- Raphaël RADOLLA
Cuba-USA : De la baie des Cochons à Copains comme cochons ?
Il y a presque cinquante-cinq ans jour pour jour avait lieu le débarquement de la baie des Cochons (17-19 avril 1961), 1400 exilés cubains, soutenus et entraînés par les Etats-Unis, avaient alors tenté une invasion militaire dans le but de renverser le nouveau gouvernement d’un Fidel Castro jugé comme une menace pour les intérêts américains. En mars 2016 a eu lieu un nouveau débarquement, mais à la différence du premier, c’est cette fois le président des Etats-Unis en personne qui a foulé la terre cubaine. L’objectif de sa venue semblait aussi bien différent : renouer les liens perdus entre les deux voisins.

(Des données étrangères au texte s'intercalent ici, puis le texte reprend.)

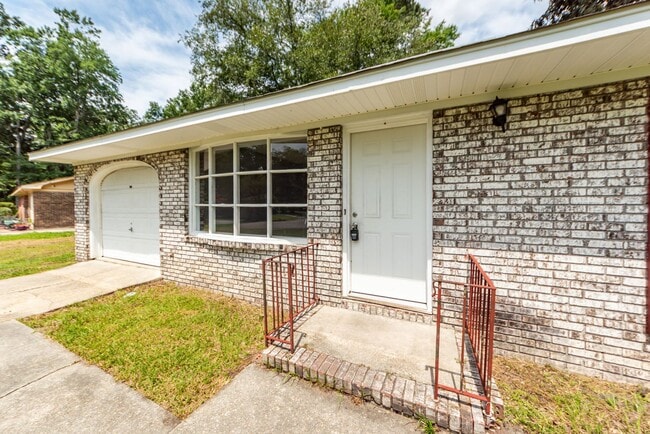Building Photo - 107 Greenhurst Ave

Source: International New York Times
Plus de cinquante ans de hauts et (surtout) de bas dans les relations américano-cubaines
Dès 1959, à son arrivée au pouvoir, Fidel Castro entreprend des réformes qui remettent en cause les intérêts américains dans l’île, et même pire, se tourne vers Moscou. Deux ans plus tard, après l’expulsion de La Havane de diplomates américains accusés d’espionnage, le président américain Dwight D. Eisenhower décide de rompre les relations avec l’état insulaire. S’en suivent dès lors plusieurs dizaines d’années durant lesquelles les rapports entre les deux gouvernements s’avèrent être plus que tendus.
En avril 1961 a donc lieu le débarquement dans la baie des Cochons, déjoué par l’armée cubaine. L’année suivante, en février, les Etats-Unis imposent un embargo sur tous les échanges commerciaux contre Cuba. Ceci a pour conséquence huit mois plus tard le déclenchement de la « crise des missiles ». Les Soviétiques ont en effet installé des fusées à tête nucléaire sur l’île de Cuba, orientées vers le territoire américain. Bien que cette crise soit désamorcée par Moscou, la tension entre Américains et Cubains est alors à son paroxysme.
Trente ans passent durant lesquels Cuba est complètement coupée de son voisin géant. Les relations entre les deux pays sont quasi inexistantes, sauf pour apprendre que Cuba est placée sur la liste américaine des Etats soutenant le terrorisme en 1982 ou que l’embargo est renforcé en 1996.
Ce n’est qu’en 2009, après cinquante ans de rapports diplomatiques très froids, que Barack Obama choisit d’assouplir les restrictions sur les voyages entre Cuba et les Etats-Unis. A partir de 2013, le réchauffement diplomatique se met en marche avec une poignée de main symbolique entre Barack Obama et Raúl Castro. En 2014 et 2015 sont annoncés le prochain rétablissement des relations diplomatiques et la réouverture respective des ambassades à Washington et à La Havane. C’est donc ce rapide processus de réchauffement qui a poussé le voyage de Barack Obama à Cuba, le premier d’un président américain sur l’île depuis quatre-vingt-huit ans, du 20 au 22 mars dernier.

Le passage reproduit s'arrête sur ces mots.